Good hay gone bad... or has it?

This is a mysterious caper that has left me scratching my head.

Back in early August, I got a batch of teff hay rounds in that the farmer was able to cut, dry and bale in a 6-day window in between monsoons – beautiful hay the day it arrived.

All the hay was from the same field on the same day. 8 rounds were net wrapped, 8 were string wrapped because he ran out of net. I forget the actual moisture meter read, but it was right on the edge of perfect for that hay - a hair wet.

The net wrapped rounds got progressively warmer, I cut one open and it was caking and dusting up (one even blew a hot vent). The string baled ones however seemed good, they didn’t get hot. So I told the farmer and he took the net ones back and I kept the string ones.
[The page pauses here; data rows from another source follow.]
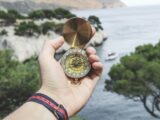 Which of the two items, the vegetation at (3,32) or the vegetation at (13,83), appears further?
the vegetation at (3,32)

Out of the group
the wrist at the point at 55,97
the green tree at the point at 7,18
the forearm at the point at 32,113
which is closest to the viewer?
the forearm at the point at 32,113

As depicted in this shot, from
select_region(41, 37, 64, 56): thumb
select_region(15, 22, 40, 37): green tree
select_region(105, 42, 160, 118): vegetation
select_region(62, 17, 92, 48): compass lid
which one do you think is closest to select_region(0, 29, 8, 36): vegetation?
select_region(15, 22, 40, 37): green tree

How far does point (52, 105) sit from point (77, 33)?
2.21 feet

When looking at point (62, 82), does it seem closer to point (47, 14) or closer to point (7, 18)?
point (7, 18)

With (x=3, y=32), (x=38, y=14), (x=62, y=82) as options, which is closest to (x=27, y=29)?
(x=3, y=32)

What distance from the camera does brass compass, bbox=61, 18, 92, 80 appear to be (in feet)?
9.55

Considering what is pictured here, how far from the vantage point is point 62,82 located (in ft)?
9.07

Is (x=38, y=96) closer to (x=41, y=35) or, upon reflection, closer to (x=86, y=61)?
(x=86, y=61)

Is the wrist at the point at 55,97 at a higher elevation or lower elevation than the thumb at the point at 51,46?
lower

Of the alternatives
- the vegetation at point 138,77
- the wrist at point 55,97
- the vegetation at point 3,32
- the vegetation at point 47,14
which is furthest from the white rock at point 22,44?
the wrist at point 55,97

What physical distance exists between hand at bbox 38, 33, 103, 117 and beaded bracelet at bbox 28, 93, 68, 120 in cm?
8

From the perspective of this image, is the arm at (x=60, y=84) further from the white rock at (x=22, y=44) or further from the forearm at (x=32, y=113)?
the white rock at (x=22, y=44)

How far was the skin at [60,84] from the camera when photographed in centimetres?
263

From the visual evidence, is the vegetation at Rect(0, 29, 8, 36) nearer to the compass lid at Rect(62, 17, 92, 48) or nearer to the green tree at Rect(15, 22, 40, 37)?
the green tree at Rect(15, 22, 40, 37) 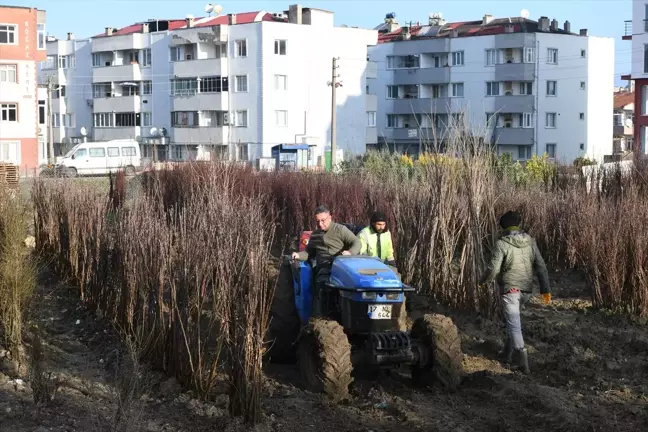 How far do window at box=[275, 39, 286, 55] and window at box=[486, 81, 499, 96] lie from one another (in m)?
15.2

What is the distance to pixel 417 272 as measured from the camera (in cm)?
1310

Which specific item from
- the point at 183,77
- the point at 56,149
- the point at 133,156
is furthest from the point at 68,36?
the point at 133,156

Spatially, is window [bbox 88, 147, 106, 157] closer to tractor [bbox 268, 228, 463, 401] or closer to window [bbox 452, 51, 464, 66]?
window [bbox 452, 51, 464, 66]

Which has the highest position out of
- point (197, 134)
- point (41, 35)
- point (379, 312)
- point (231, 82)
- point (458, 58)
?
point (41, 35)

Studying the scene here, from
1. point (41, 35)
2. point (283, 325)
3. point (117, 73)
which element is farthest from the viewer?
point (117, 73)

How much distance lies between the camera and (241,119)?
65.9 metres

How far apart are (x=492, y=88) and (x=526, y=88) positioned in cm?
250

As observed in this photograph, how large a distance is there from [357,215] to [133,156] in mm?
38307

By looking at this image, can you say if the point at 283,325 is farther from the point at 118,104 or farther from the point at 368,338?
the point at 118,104

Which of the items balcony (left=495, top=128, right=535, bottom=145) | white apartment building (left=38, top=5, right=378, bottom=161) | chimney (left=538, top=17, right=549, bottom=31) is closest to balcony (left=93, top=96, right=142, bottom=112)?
white apartment building (left=38, top=5, right=378, bottom=161)

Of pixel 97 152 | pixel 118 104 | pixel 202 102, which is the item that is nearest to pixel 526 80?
pixel 202 102

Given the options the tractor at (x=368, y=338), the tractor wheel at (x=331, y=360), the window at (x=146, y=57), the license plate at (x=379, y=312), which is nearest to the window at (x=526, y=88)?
the window at (x=146, y=57)

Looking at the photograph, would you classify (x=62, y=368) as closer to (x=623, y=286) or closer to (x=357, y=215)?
(x=623, y=286)

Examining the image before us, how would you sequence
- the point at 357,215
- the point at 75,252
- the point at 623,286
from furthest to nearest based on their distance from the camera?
the point at 357,215 < the point at 75,252 < the point at 623,286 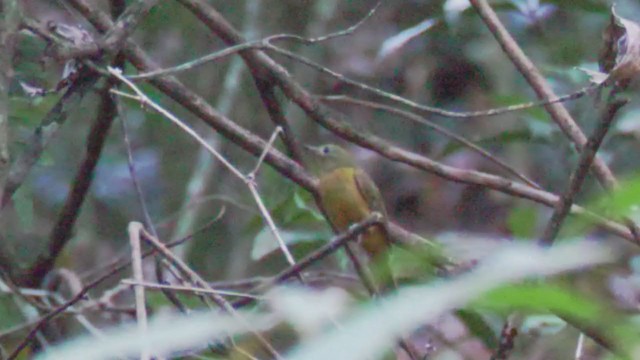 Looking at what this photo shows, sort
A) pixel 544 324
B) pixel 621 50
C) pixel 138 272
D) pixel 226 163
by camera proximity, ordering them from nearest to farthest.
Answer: pixel 138 272 < pixel 621 50 < pixel 226 163 < pixel 544 324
Couple weeks go by and I cut into one of the string wrapped rounds, and while not moldy, no dust, no heat, it smells SUPER FUNKY. Sour and strongly unpleasant, eye watering unpleasant.
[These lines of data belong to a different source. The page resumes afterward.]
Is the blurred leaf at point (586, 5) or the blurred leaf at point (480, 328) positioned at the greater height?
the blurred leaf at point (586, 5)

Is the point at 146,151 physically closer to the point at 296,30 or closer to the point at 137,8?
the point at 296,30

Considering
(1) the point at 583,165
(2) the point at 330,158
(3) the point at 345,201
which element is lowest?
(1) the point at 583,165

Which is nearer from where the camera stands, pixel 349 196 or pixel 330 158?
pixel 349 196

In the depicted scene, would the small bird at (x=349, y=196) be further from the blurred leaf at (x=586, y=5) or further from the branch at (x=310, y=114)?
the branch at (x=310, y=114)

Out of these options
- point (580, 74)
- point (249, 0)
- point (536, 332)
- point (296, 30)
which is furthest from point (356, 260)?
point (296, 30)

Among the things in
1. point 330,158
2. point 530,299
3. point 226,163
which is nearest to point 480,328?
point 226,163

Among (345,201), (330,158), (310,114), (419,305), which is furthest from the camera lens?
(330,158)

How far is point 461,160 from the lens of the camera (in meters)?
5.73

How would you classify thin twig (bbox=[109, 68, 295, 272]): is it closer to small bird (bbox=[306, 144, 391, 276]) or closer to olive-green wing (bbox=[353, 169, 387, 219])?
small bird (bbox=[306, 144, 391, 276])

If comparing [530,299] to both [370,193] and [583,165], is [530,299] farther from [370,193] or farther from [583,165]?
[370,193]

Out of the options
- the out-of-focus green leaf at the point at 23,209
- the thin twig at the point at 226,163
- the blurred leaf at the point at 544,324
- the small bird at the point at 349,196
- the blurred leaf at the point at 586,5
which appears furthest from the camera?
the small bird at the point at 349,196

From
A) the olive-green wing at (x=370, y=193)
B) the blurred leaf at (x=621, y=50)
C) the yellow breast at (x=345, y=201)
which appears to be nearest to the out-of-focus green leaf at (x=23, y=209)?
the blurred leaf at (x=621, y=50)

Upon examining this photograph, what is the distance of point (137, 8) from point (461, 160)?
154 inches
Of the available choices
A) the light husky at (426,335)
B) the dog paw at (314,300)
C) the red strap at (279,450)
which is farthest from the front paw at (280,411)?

I peel off about 50% of the bale hoping it will improve as I get down deeper, maybe just dealing with a bad lap… but it doesn’t. I dispose of the peeled off hay, and kick myself for not returning all the hay when I had the chance. Disgusted with myself for a gamble gone badly, I leave the bale core in the hay barn and figure I’ll deal with disposing of 7 1/2 round bales when I have more time to think about it.
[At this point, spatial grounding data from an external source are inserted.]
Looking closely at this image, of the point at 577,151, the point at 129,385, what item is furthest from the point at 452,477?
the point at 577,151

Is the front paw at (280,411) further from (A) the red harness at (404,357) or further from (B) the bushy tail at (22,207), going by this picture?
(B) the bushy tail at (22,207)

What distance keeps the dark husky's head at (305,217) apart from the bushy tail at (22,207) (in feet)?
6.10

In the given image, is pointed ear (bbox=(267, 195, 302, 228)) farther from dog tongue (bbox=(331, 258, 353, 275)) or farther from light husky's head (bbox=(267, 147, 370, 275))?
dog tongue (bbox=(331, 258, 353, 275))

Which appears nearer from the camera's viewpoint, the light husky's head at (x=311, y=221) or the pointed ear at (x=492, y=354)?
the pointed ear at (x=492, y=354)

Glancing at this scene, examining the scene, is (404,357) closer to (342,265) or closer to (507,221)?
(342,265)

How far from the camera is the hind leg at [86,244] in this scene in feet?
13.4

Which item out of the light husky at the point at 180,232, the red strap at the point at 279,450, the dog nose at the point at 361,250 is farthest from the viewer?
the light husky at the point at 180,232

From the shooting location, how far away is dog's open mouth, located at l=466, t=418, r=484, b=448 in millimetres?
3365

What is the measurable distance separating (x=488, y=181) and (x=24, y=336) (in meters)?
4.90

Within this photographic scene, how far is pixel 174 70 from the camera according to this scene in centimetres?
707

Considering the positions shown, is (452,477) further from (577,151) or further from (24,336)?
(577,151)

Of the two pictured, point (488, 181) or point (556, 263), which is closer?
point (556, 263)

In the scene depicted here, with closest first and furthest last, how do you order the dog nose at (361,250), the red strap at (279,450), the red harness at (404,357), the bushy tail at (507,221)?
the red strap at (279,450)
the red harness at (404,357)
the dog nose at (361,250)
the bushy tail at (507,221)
The other day, now that we have nice cool weather, I decided to investigate the bad hay again. I start pulling at the core I’d left, intending to disassemble and compost it and … and it’s not half bad. The outer lap is dusty from 6 weeks of intense humidity, but once I peel that away, the hay that was protected inside actually seems kinda nice… but… it smells, oddly. Not bad, but strongly sweet, sickly sweet and not like hay, reminds me of pipe tobacco.

Curious, I offer a handful to the horses for an official review: the clever selective one turns up his nose, the clever piggy is skeptical but eats it, knucklehead devours it.

So, I don’t know what to make of this.

In my mind, I’d written off these bales and bought more, so I have plenty, which is good as this was a tough year and many are struggling to find good hay. But, of course, I don’t want to throw out edible hay - and I REALLY don’t want to have to deal with disposing 3 tons of hay. I can only assume that the other 7 bales will be similar.

It’s not moldy, it’s not dusty, it’s not hot or damp, and the rounds are round, not flat tires… but it’s not quite right either.

How do I determine if this hay is safe to feed or not?

Can hay cure over time? Like 2-3 months? Is the funky sweet smell part of the curing process?

Perplexing.

It sounds like it may have carmelized. Google around and read up and see if that’s what you’re seeing. Most of what’s out there relates to cattle.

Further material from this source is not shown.